Études de cas

Le maintien des prestations en cas de résiliation du contrat d’assurance

Mise en ligne novembre 2021

Loi Evin

Pour certains contrats d’assurance de personnes[1], l’assureur a l’obligation de maintenir l’indemnisation d’un sinistre survenu pendant la période de validité du contrat, même après la résiliation de celui-ci, à condition que l’indemnisation soit due par l’assureur avant l’extinction du contrat.

Étude de cas

Un assuré avait adhéré à un contrat collectif d’assurance qui avait pour objet de lui faire bénéficier de prestations en cas d’arrêt de travail. Ce contrat d’assurance a été résilié. L’assuré a alors adhéré à un nouveau contrat d’assurance équivalent auprès d’un autre assureur.

Ayant été en arrêt de travail, il en a demandé la prise en charge auprès de l’assureur du second contrat. Ce dernier a toutefois refusé de faire droit à sa demande, au motif que l’origine de l’arrêt de travail remontait à la période au cours de laquelle l’assuré était couvert par le premier assureur.

L’article 7 de la loi n° 89-1009 du 31 décembre 1989, dite loi Evin, dispose que « Lorsque des assurés ou des adhérents sont garantis collectivement contre les risques portant atteinte à l’intégrité physique de la personne ou liés à la maternité, le risque décès ou les risques d’incapacité ou d’invalidité, la résiliation ou le non-renouvellement du contrat ou de la convention est sans effet sur le versement des prestations immédiates ou différées, acquises ou nées durant son exécution ».

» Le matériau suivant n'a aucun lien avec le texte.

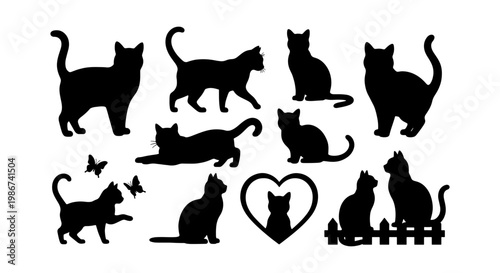 Black cat silhouette collection, 10 feline vector elements in various poses, domestic cat icons with butterflies and heart, pet animal graphics for design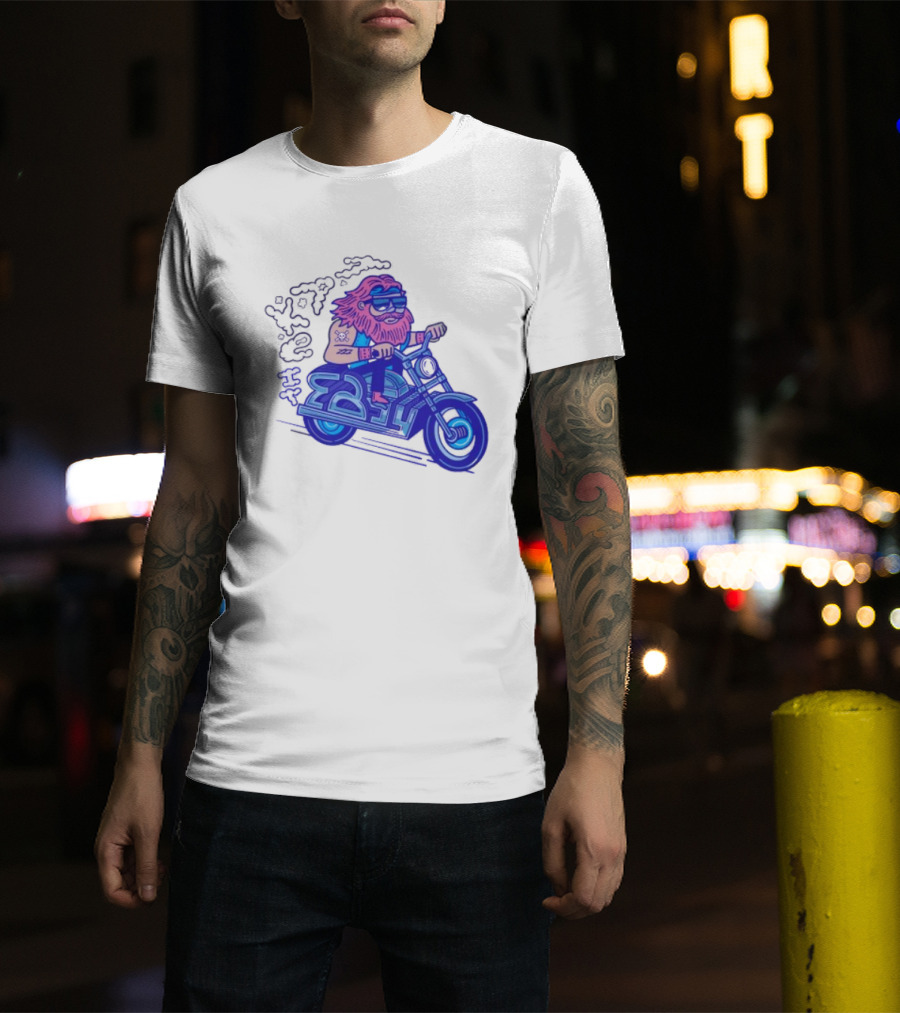 Billy Biker Cartoon Motorcycle Bearded Man T-Shirt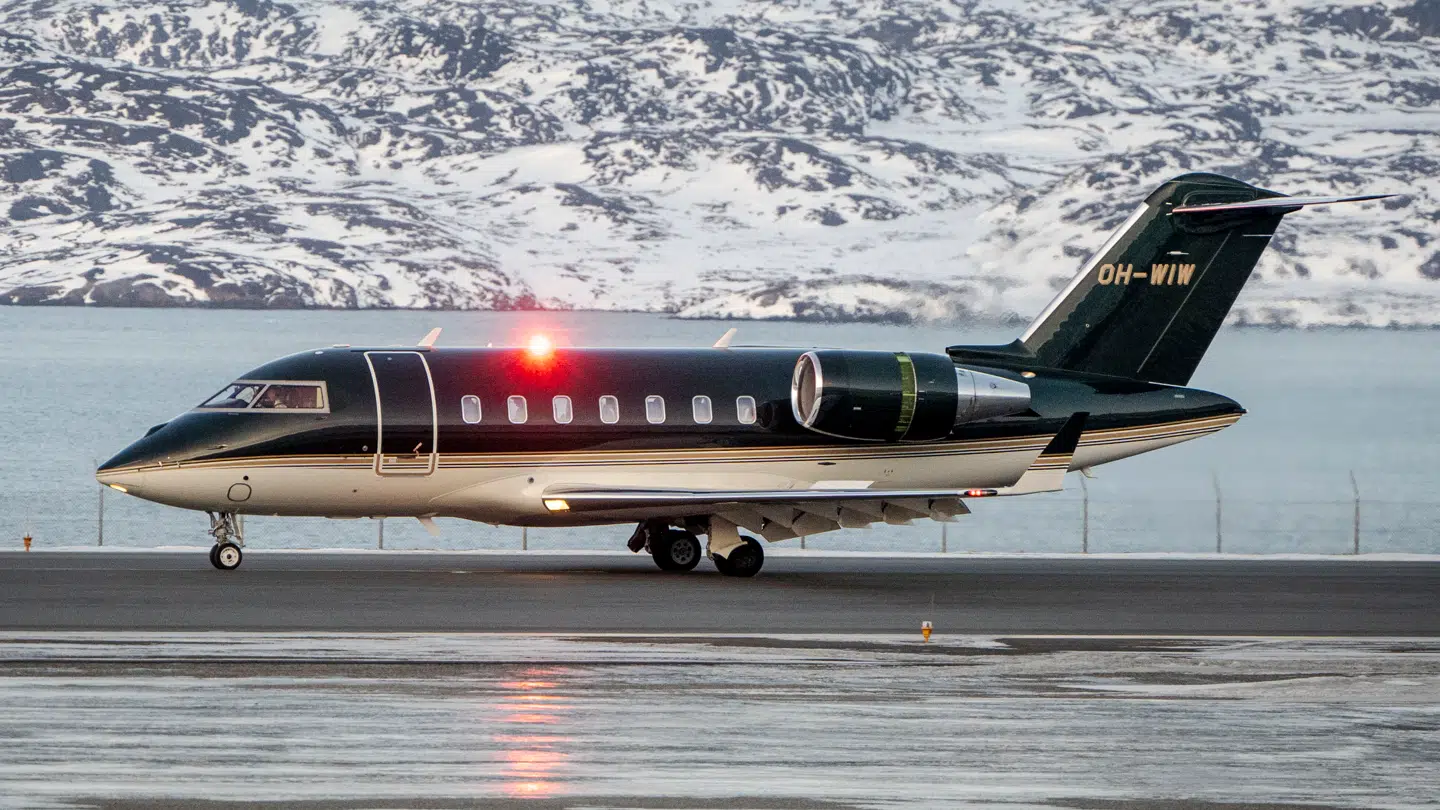 Flyet med statsminister Mette Frederiksen, da det landede i fredags.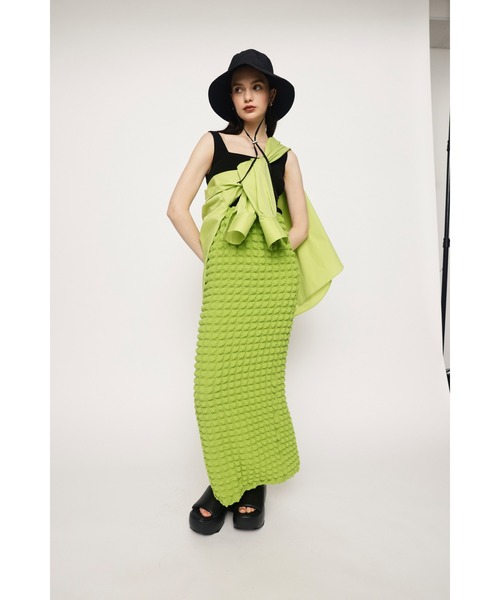 SLY(スライ)の「FLOATING JQ PENCIL SK セットアップ可能(スカート・レディース・ブラック/アイボリー/グリーン・FREE)」の5枚目の写真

Ainsi, la résiliation d’un contrat de prévoyance collective est sans effet sur le versement des prestations différées, acquises ou nées durant l’exécution du contrat.

Toutefois, la Cour de cassation considère que si la notion de prestation différée n’implique pas qu’une prestation ait nécessairement été en cours au jour de la résiliation du contrat, elle impose néanmoins qu’une prestation soit due pendant la période de validité du contrat. En effet, la Cour rappelle que l’objectif des dispositions précitées est d’empêcher l’arrêt des prestations en cours de paiement, et non d’étendre la période de couverture du contrat d’assurance.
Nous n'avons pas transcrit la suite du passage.